LA RÉCRÉATION DE JUILLET
Régressif et émouvant
Prof de musique débutant sa carrière dans le collège qu’il a fréquenté en tant qu’élève, Gaspard fait face à un drame personnel : la mort de sa sœur jumelle. Alors que l’année scolaire se termine, il propose à cinq amis de ses années collège d’investir l’établissement après la fin des cours en juillet…
Affirmons d’abord ce qui n’est pas toujours une évidence pour tout le monde : la qualité d’un film ne se mesure pas forcément à la crédibilité du moindre détail. Pour ne pas passer à côté des qualités de "La Récréation de juillet", il faut ainsi accepter que la situation générale ne corresponde pas à la réalité d’un établissement scolaire : les enseignants et les divers professionnels d’un collège ne disparaissent pas des lieux le soir même des derniers cours ; un principal (c’est le terme exact) ne se définirait pas lui-même comme « le directeur de l’école » (terminologie qui correspond au primaire) ; et une présence aussi peu discrète d’intrus dans un collège serait rapidement repérée et signalée (par un gardien, le voisinage, des patrouilles de police…). Donc gardons à l’esprit que le cinéma nous ment, mais que cela n’est pas une mauvaise chose !

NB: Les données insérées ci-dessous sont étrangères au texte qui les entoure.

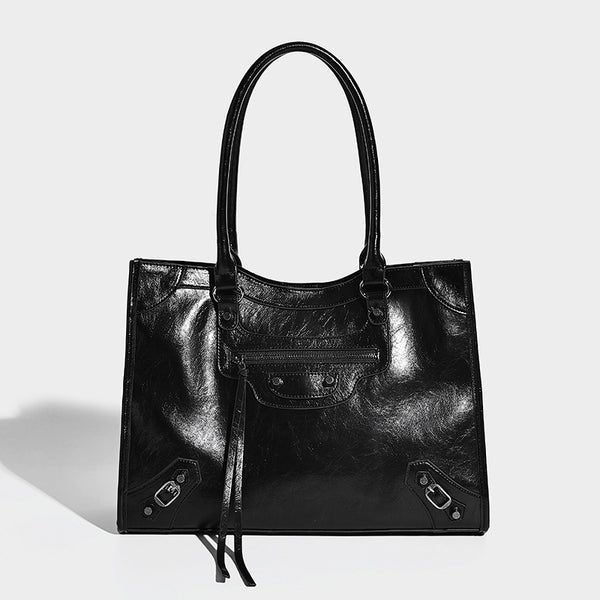 Large structured leather-look tote bag with front zip pocket, moto hardware accents, and long double shoulder straps, detail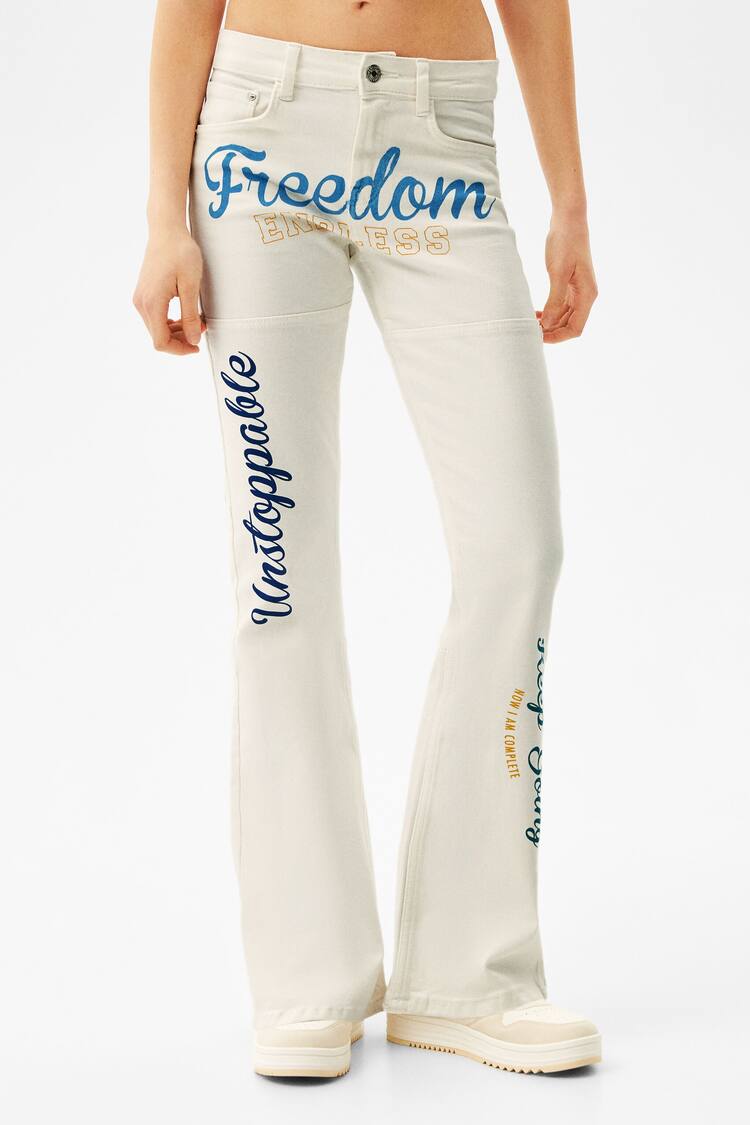 Flared twill printed trousers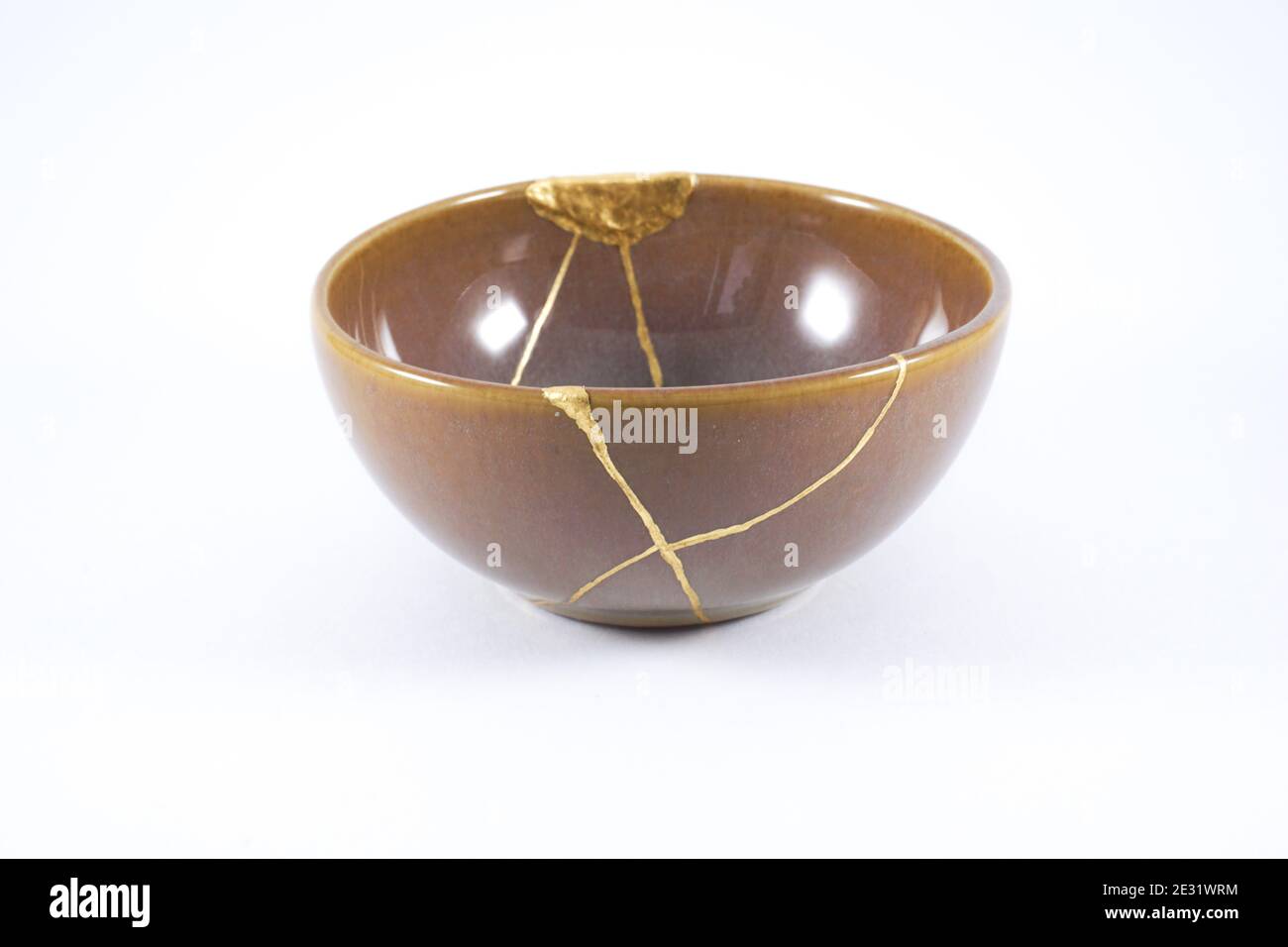 Japanese Kintsugi brown bowl restored with gold Stock Photo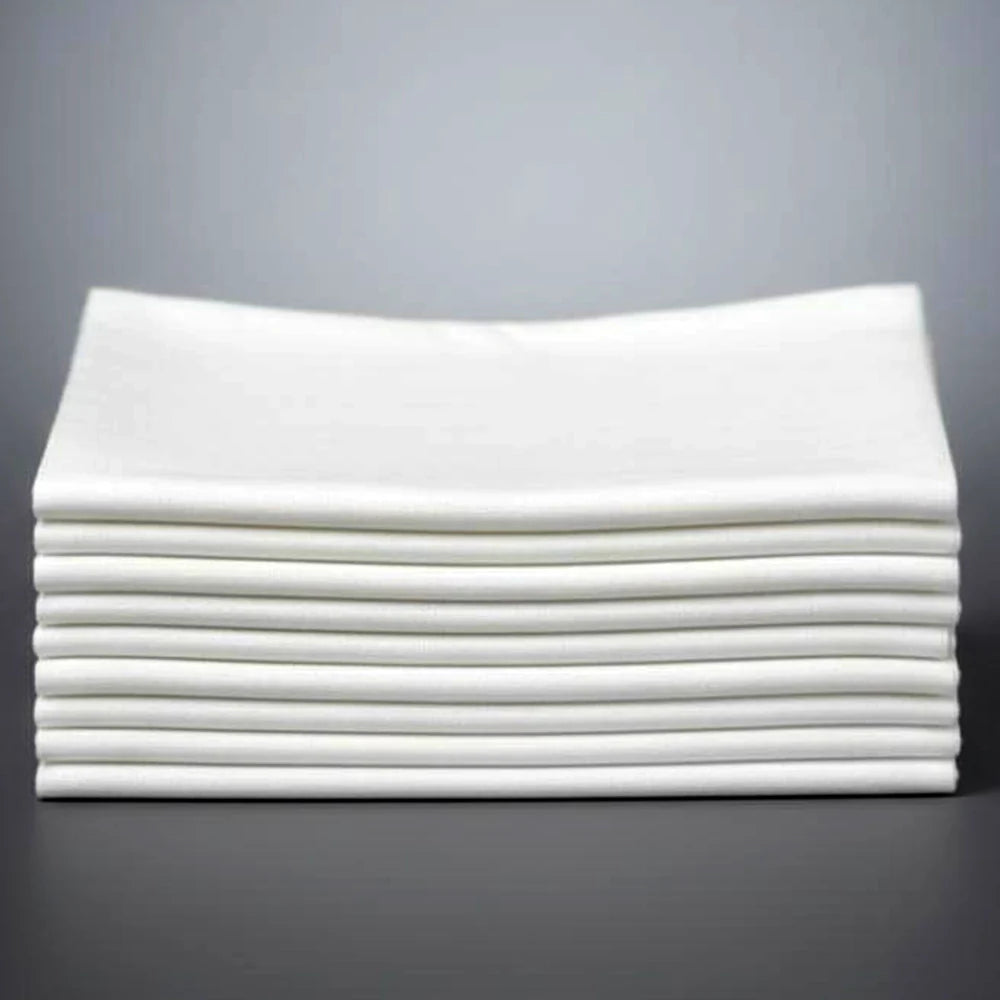 Stack of white folded napkins on a grey background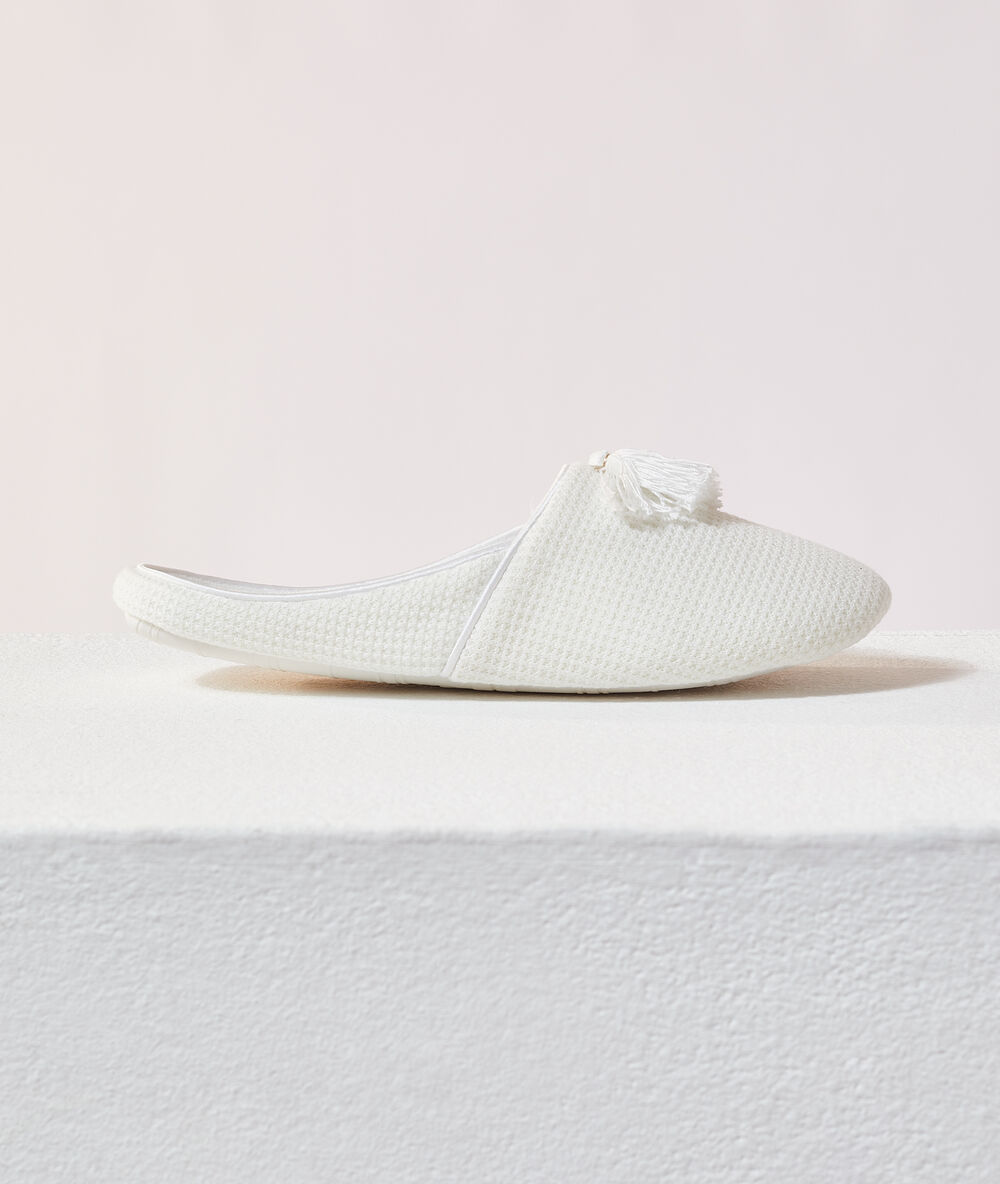 Chaussons mules à pompons beige.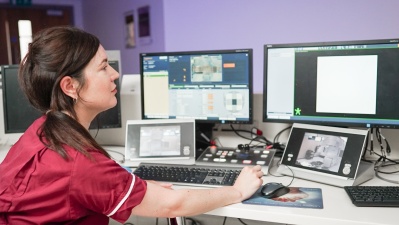 Therapeutic radiographer sitting at a control desk with screens in front of her so she can see the patient and the information about their treatment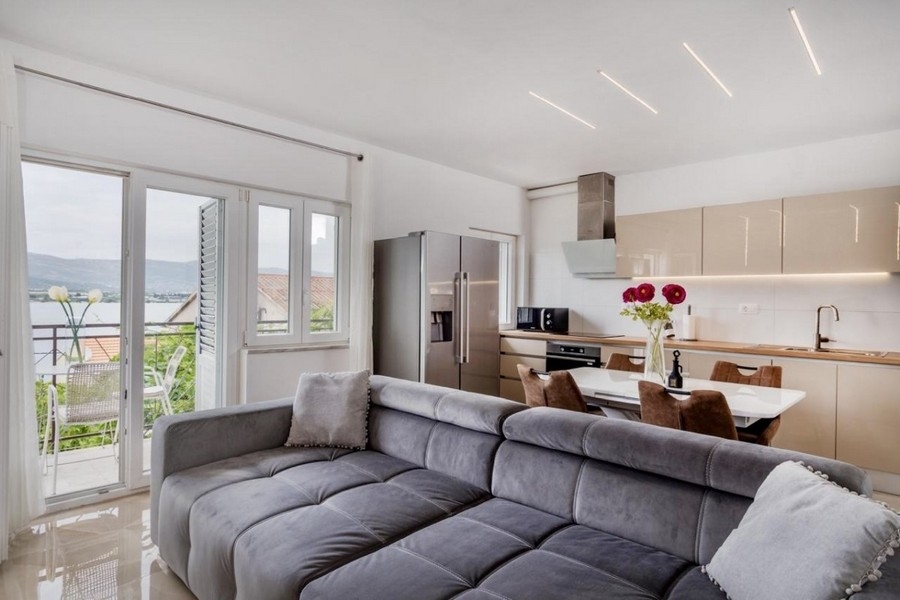 Living area with sofa and open kitchen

Ici, il convient donc d’envisager l’occupation clandestine d’un collège comme un prétexte poétique permettant de réexplorer le principe du huis clos, mais aussi de s’approprier un lieu symbolique où s’expriment toutes les émotions (dans la cour de récré, il y a des joies, des peines, des colères…) et où se côtoient l’enfance et l’âge adulte dans un vivre-ensemble qui ne va pas toujours de soi. La coexistence et l’acceptation sont d’ailleurs des thématiques qui traversent ce récit sur fond à la fois de deuil et de retrouvailles entre potes. Le cadre scolaire du récit permet aussi à ces jeunes adultes d’agir de manière régressive, comme une forme de libération qui s’avère paradoxale par rapport au drame qui les réunit (et d’évasion tout aussi paradoxale, compte tenu de cet enfermement volontaire). Le collège se transforme ainsi en une sorte de colo autonome pour grands enfants qui peuvent rire, s’amuser et pleurer ensemble.
Au sein de cette parenthèse mi-enchantée mi-tragique, six personnages donnent corps à cette volonté de conjurer la mort à travers cet illusoire retour en enfance. Andranic Manet ("Un vrai bonhomme", "Première Affaire") enchaîne à merveille les émotions, livrant également, le temps de quelques scènes solo, de superbes performances poétiques alliant mime et chorégraphie. Pour accompagner ses états d’âme, Noée Abita ("Ava", "Slalom", "Première Affaire") interprète de temps à autre la défunte sœur jumelle à travers l’utilisation originale d’une voix off (au sens strict, ce n’est ni une narration ni un dialogue). Parmi les autres membres de cette petite trouve, on retiendra notamment Alassane Diong, qui donne parfois l’impression d’être d’un clone de son oncle (Omar Sy, avec qui il avait débuté dans "Tirailleurs"), mais qui maîtrise très bien sa partition.
À la fois drôle et mélancolique, le récit est magnifiquement mis en musique, par le biais de la composition originale du groupe Kids Return, qui parvient à donner un sentiment étonnant de déjà-entendu au sens positif du terme (touchant ainsi la corde sensible), mais aussi par l’utilisation du tube "Relax, Take It Easy" de Mika (comme l’un des marqueurs de cette génération) ou celle du classique "Elle était si jolie" d’Alain Barrière, chantée en chœur par les personnages (coïncidence cinématographique : ce titre était déjà remis à l’honneur cette année dans "La Petite Vadrouille" !).
Si quelques aspects peuvent paraître clichés et si les réactions des protagonistes lors du twist scénaristique (que l’on ne révélera évidemment pas) peuvent laisser perplexe, cela ne gâche en rien l’intensité émotionnelle de ce film au grand cœur qui fait passer du rire aux larmes et inversement.